Records supplied Block Start

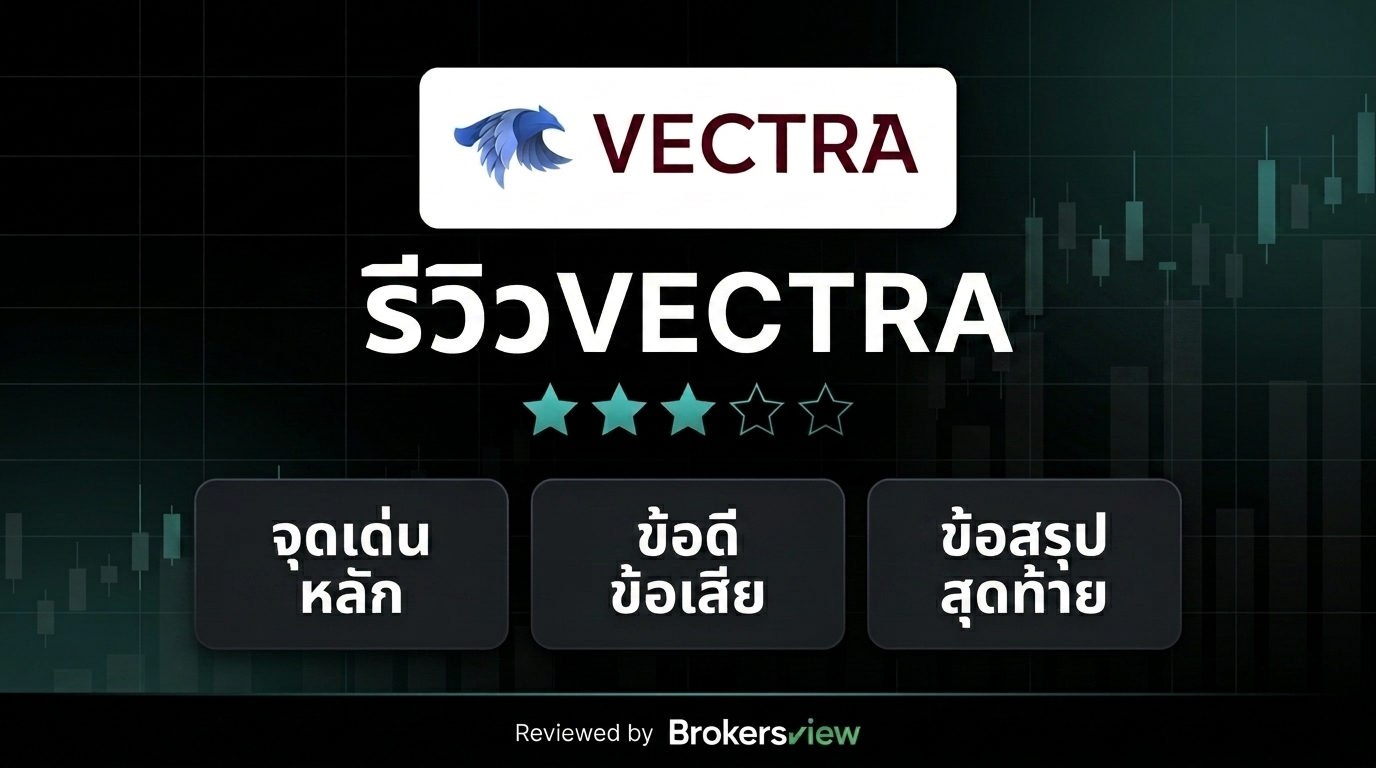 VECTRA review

Records supplied Block End
Records supplied Block Start

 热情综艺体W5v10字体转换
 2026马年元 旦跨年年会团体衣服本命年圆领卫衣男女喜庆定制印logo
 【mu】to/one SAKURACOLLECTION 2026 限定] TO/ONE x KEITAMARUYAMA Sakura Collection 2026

Records supplied Block End

Exercise -
Would you print exactly, and only, the lines of the data above from the line with "热情综艺体W5v10字体转换" through the line with "Sakura Collection 2026", inclusive?

Output for this exercise -
 热情综艺体W5v10字体转换
 2026马年元 旦跨年年会团体衣服本命年圆领卫衣男女喜庆定制印logo
 【mu】to/one SAKURACOLLECTION 2026 限定] TO/ONE x KEITAMARUYAMA Sakura Collection 2026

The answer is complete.